No campo do amor e do sexo, claro, não faltam referências mais ou menos explícitas, como os candidatos a vereador Margarete de Piroca (PL) em Heliópolis (BA), Josiane Pica (PT) em Sagrada Família (RS), Pipi de Jorge (PSD) em São Gonçalo do Rio Preto (MG), Agenor Passa Régua e Madurão (Avante) em Tarumirim (MG), Adílson Urso Lapada (PSB) em Limoeiro (PE). Talvez assim eles já deixem clara a intenção de sacanear com o povo.
O candidato como mercadoria
A lista de nomes bizarros parece ser infindável, e sempre vale uma pesquisa pra quem quer mergulhar no submundo de nossa política e seus valores. As personas que os candidatos assumem por meio dos nomes de urna têm tanto a ver com uma falta de perspectiva política que vá além da atuação paroquial quanto de, talvez, o desejo de preservar seu nome de batismo do que deseja fazer na vida pública. Deve surtir algum efeito. Afinal, como diz Perry Anderson: no Brasil, “na maioria dos casos, os eleitores escolhem um político que eles conhecem – ou acham que conhecem – ao invés de escolherem um partido do qual eles pouco ou nada sabem”.
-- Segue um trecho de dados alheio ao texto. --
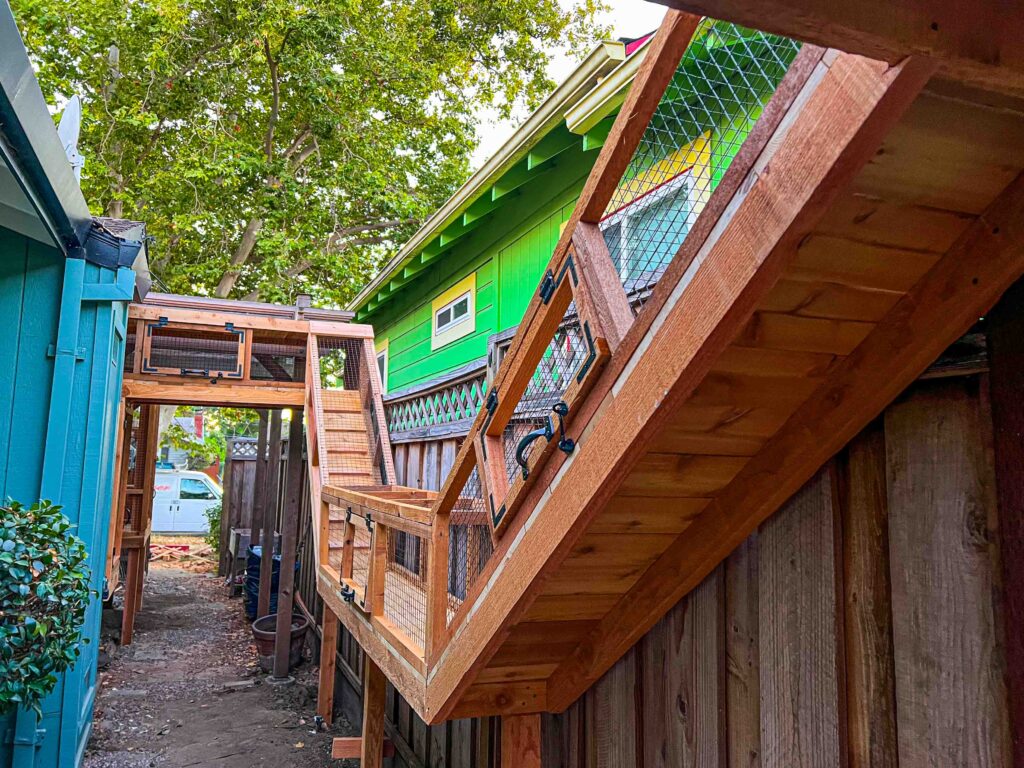 Sloped wooden cat bridge leading to upper-level catio connected between two structures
No mundo do marketing eleitoral, em que o candidato se vende como uma mercadoria, a originalidade parece ser a meta. É como se um nome novo ou diferente – ou um comportamento – pudesse trazer a ideia de uma política nova ou pelo menos angariar “votos de protesto”. Assim se fez o Deputado Federal Enéas Carneiro, catapultado para a fama nas eleições presidenciais de 1989 e “puxador de voto” – 1,5 milhão – capaz de colocar cinco parlamentares sem voto pelo Prona no Congresso Nacional em 2002. Assim se fez o Deputado Federal Tiririca, que trouxe outros cinco parlamentares em 2014, com mais de um milhão de votos em 2014. Assim se fez, é claro, Jair Bolsonaro.